→ **Source data**:
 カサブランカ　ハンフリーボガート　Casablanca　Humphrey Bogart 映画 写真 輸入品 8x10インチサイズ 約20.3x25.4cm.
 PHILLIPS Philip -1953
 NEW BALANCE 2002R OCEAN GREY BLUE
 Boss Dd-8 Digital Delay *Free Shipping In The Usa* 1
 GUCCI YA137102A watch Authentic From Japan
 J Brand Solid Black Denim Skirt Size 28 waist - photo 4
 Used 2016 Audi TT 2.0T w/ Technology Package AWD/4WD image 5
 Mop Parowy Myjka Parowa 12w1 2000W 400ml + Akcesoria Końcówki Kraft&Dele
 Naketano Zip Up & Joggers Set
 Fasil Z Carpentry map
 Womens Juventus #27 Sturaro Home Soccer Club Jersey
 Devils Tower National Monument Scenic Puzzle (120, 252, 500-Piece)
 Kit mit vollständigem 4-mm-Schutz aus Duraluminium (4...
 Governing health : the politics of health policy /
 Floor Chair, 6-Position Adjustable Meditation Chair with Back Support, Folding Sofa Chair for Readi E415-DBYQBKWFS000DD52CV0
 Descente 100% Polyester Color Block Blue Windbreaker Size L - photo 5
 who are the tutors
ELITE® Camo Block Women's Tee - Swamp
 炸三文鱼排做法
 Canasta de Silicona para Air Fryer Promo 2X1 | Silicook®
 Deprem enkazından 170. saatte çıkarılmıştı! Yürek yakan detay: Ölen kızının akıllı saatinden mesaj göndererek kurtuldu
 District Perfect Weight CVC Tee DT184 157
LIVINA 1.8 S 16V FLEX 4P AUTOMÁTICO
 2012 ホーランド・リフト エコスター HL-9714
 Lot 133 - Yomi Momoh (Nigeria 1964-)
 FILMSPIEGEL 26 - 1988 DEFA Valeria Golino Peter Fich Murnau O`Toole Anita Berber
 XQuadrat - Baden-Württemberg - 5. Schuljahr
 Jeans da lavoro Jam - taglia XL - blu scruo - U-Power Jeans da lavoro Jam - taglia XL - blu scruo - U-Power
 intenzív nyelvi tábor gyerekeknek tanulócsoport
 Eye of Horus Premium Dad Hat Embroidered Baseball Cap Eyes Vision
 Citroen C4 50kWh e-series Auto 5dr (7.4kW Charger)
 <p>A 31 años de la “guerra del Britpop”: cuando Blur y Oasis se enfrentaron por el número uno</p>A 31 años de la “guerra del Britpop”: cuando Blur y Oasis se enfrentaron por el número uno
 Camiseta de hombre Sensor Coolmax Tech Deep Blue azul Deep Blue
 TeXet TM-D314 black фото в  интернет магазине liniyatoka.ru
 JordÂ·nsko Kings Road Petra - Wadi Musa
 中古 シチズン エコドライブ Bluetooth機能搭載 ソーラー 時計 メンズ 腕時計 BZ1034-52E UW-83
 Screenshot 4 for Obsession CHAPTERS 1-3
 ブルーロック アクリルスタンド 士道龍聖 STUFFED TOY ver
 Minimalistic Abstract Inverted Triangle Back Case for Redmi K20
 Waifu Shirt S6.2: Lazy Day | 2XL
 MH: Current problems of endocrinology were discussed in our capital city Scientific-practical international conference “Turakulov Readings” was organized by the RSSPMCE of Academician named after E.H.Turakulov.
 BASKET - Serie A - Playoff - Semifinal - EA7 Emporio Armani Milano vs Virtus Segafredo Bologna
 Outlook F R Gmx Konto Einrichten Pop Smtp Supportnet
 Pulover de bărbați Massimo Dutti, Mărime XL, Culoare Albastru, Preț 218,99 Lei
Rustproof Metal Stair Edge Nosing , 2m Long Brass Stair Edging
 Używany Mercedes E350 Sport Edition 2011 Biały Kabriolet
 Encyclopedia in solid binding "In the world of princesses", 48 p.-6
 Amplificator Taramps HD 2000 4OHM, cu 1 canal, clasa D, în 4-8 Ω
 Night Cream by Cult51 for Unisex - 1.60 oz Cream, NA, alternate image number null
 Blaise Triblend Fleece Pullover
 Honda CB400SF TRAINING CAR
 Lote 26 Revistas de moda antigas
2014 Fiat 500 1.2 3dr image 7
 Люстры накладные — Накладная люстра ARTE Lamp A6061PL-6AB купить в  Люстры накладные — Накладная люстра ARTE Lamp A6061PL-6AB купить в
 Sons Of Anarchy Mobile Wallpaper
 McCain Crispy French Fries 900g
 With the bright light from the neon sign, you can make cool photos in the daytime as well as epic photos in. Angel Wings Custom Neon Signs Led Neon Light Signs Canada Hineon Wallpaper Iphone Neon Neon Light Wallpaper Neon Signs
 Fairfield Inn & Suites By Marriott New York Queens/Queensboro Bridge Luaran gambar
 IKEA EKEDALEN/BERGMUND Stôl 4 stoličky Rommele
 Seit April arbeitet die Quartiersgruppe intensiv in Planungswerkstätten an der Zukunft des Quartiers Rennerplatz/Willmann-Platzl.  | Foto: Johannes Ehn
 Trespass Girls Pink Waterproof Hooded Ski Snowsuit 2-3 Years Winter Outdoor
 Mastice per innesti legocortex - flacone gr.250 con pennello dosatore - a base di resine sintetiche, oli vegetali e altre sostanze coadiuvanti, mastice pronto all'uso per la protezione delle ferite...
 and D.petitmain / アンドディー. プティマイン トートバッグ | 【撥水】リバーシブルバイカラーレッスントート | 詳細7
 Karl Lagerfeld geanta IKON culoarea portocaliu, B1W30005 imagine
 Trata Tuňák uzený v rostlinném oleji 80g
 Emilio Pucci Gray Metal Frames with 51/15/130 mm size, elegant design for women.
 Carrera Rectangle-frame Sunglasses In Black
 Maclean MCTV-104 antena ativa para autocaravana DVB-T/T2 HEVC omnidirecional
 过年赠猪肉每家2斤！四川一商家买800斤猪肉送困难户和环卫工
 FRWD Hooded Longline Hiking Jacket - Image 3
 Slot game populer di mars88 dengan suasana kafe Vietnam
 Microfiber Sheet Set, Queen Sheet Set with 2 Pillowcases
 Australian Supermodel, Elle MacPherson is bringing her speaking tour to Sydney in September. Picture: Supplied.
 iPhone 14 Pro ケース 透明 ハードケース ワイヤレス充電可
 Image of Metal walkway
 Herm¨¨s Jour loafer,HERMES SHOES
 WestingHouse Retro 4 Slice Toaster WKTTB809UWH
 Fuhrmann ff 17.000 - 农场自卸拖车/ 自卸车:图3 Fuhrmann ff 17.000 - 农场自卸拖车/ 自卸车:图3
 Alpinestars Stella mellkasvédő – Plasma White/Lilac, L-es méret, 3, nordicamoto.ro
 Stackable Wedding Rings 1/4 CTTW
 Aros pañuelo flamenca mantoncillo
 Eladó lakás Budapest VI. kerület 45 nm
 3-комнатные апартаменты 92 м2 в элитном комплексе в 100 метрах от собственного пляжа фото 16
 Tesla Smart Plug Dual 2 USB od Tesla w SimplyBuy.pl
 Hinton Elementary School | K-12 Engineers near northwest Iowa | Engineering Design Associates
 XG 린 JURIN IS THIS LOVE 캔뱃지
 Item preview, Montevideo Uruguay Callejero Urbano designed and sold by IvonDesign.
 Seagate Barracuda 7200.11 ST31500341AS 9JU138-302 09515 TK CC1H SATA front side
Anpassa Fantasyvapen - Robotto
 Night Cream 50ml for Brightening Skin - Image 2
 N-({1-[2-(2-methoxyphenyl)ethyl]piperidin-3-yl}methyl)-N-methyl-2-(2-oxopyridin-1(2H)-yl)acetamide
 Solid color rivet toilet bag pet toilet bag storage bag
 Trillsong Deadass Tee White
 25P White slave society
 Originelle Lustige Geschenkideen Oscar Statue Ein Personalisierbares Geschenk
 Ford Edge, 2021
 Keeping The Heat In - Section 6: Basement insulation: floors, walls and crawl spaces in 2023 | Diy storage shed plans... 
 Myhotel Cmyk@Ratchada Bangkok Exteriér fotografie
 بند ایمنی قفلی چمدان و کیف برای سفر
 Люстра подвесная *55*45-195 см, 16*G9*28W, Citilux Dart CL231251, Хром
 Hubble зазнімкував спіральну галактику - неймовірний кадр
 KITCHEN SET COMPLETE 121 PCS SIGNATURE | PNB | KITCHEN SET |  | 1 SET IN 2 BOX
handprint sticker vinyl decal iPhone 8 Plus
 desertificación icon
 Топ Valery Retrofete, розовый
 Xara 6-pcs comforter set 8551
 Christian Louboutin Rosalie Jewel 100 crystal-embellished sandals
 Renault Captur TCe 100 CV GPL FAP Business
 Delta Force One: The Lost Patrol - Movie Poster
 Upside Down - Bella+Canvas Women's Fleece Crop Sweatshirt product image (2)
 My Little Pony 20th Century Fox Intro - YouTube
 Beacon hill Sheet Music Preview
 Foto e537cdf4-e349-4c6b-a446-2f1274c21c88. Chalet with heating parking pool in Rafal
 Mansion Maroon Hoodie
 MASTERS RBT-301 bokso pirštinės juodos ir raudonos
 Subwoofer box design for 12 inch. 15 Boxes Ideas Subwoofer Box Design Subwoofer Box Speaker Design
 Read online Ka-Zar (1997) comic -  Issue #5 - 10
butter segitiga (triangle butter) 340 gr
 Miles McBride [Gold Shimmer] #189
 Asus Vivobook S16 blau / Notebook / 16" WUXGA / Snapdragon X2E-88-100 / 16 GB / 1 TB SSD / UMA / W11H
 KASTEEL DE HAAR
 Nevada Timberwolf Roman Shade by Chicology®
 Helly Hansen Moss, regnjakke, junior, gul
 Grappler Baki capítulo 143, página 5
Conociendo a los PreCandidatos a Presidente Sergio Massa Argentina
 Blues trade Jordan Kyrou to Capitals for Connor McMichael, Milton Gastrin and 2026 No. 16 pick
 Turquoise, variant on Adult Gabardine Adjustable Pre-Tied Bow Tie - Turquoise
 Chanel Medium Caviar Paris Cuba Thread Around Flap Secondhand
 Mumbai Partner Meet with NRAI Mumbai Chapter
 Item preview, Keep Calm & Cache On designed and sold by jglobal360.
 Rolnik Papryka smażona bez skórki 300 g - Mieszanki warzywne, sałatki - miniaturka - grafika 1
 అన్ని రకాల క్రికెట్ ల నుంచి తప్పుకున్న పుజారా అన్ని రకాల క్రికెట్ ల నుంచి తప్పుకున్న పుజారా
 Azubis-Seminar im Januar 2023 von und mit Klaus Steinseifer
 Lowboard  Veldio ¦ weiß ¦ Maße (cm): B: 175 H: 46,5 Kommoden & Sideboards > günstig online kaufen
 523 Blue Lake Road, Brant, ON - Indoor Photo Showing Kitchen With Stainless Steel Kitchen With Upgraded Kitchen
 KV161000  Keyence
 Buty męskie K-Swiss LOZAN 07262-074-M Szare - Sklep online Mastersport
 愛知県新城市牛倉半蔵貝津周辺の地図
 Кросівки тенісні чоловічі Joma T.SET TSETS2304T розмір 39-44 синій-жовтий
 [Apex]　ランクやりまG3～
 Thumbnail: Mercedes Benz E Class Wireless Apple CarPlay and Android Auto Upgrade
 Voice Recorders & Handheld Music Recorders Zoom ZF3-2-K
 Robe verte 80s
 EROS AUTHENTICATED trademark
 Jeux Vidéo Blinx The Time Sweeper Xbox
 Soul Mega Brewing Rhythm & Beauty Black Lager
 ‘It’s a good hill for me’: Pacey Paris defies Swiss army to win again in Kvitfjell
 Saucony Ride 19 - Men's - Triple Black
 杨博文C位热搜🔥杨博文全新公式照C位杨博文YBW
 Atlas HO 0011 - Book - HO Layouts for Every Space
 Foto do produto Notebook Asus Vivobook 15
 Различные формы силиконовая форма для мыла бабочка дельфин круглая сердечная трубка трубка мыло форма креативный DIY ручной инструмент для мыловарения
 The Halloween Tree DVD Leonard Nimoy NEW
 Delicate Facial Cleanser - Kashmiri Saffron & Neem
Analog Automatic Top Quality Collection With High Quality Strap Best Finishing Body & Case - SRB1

→ **About this exercise**: I'd like every line with the string "Sheet" copied from the listing.

→ **Result for this task**:
 Microfiber Sheet Set, Queen Sheet Set with 2 Pillowcases
 Beacon hill Sheet Music Preview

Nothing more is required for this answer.